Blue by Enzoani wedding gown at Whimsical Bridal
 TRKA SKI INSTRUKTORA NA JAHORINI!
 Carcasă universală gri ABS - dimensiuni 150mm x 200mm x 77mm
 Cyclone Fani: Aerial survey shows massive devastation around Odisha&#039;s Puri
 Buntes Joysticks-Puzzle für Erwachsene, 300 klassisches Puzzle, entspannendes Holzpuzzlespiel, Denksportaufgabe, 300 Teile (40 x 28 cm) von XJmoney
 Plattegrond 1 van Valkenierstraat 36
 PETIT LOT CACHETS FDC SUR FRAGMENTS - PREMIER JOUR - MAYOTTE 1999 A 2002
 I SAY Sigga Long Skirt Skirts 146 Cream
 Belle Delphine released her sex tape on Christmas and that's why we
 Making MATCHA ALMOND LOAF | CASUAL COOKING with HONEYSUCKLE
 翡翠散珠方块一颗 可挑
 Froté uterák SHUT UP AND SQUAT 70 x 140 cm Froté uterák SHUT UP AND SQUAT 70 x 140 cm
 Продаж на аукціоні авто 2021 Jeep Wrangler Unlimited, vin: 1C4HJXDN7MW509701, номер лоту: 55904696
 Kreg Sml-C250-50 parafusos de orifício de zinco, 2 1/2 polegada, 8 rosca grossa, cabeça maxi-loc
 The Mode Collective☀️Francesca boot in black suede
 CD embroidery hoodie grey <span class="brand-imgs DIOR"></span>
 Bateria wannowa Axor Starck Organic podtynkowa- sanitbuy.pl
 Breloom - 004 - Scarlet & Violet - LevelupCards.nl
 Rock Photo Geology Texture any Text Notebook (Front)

AIM OF THE EXERCISE - Copy out the lines above word for word, stopping after the line containing "I SAY Sigga Long Skirt Skirts 146 Cream".

RESPONSE TO THIS EXERCISE -
Blue by Enzoani wedding gown at Whimsical Bridal
 TRKA SKI INSTRUKTORA NA JAHORINI!
 Carcasă universală gri ABS - dimensiuni 150mm x 200mm x 77mm
 Cyclone Fani: Aerial survey shows massive devastation around Odisha&#039;s Puri
 Buntes Joysticks-Puzzle für Erwachsene, 300 klassisches Puzzle, entspannendes Holzpuzzlespiel, Denksportaufgabe, 300 Teile (40 x 28 cm) von XJmoney
 Plattegrond 1 van Valkenierstraat 36
 PETIT LOT CACHETS FDC SUR FRAGMENTS - PREMIER JOUR - MAYOTTE 1999 A 2002
 I SAY Sigga Long Skirt Skirts 146 Cream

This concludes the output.